◆ INSTRUCTIONS TO FOLLOW
Please copy exactly the part of the records below that opens with the line containing "Buffalo Bills Honor" and closes with the line containing "Marob Ratsananun portrait", leaving out any pictures.
[RECORDS Boundary: Start]
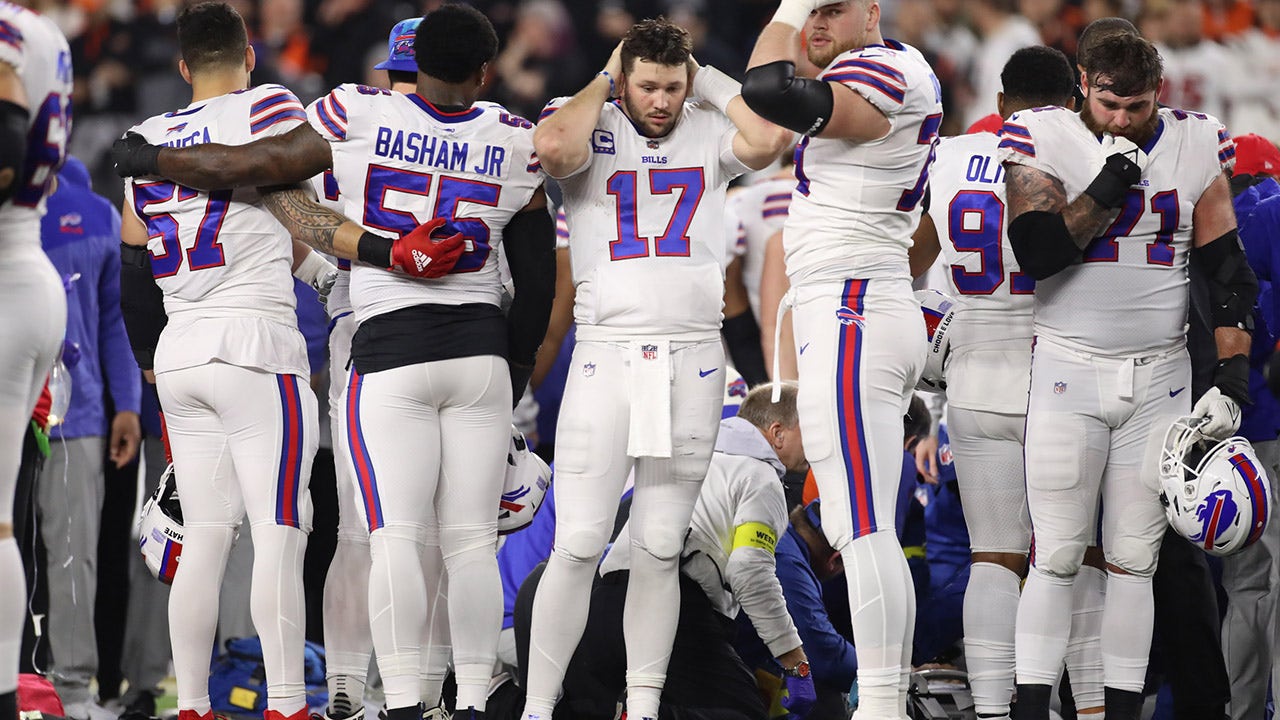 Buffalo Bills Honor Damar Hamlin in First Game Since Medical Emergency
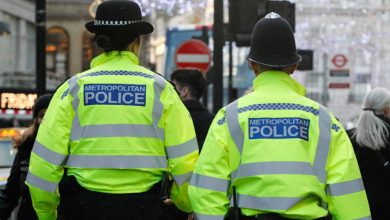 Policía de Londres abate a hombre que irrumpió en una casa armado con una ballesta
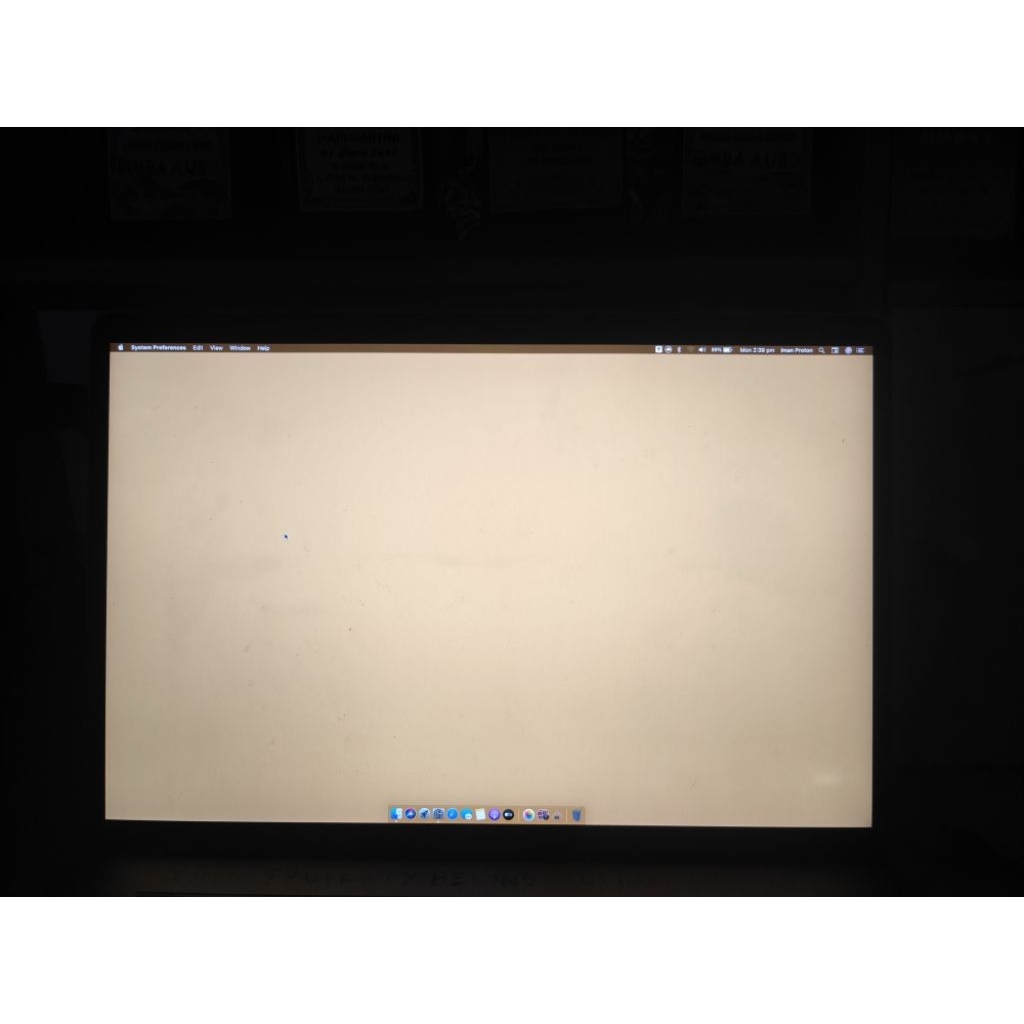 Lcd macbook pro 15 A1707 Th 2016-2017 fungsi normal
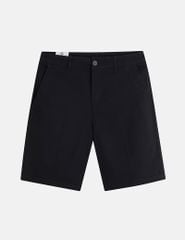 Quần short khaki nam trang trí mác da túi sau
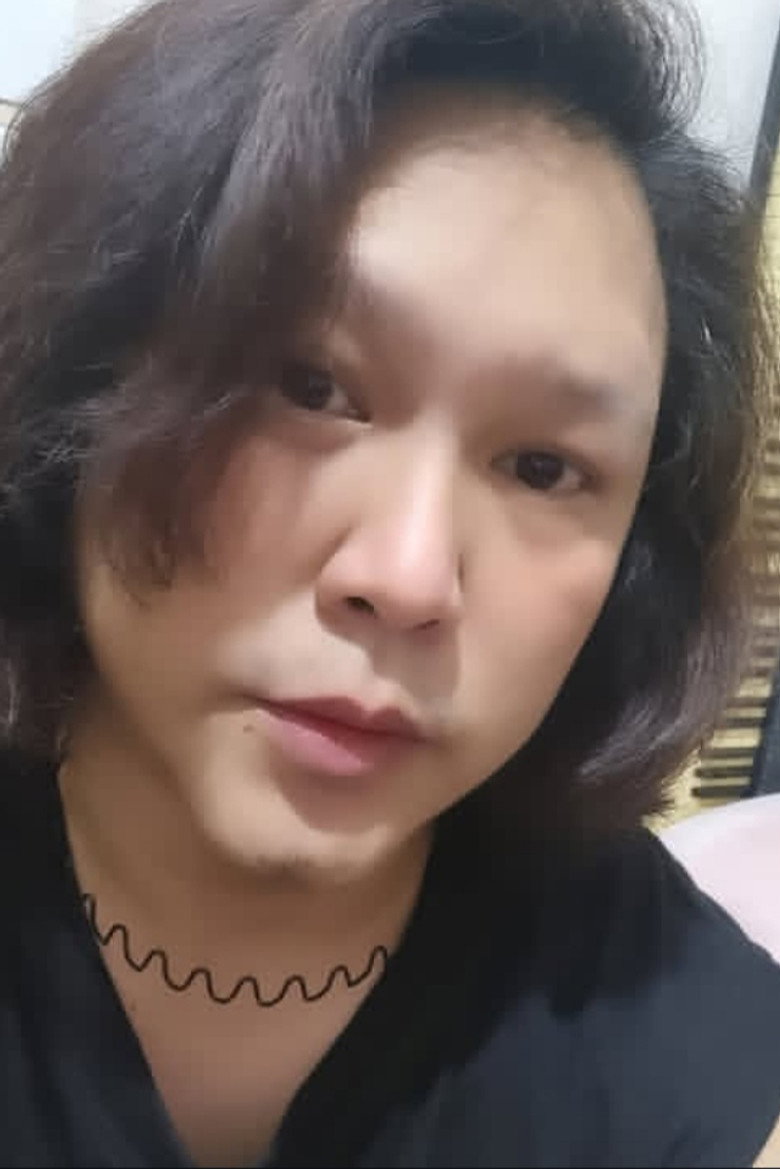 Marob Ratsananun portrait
[RECORDS Boundary: End]
[RECORDS Boundary: Start]
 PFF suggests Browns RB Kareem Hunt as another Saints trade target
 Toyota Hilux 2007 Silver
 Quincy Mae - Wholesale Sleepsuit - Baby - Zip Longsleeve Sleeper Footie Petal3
[RECORDS Boundary: End]
◆ TASK RESULT
 Buffalo Bills Honor Damar Hamlin in First Game Since Medical Emergency
 Policía de Londres abate a hombre que irrumpió en una casa armado con una ballesta
 Lcd macbook pro 15 A1707 Th 2016-2017 fungsi normal
 Quần short khaki nam trang trí mác da túi sau
 Marob Ratsananun portrait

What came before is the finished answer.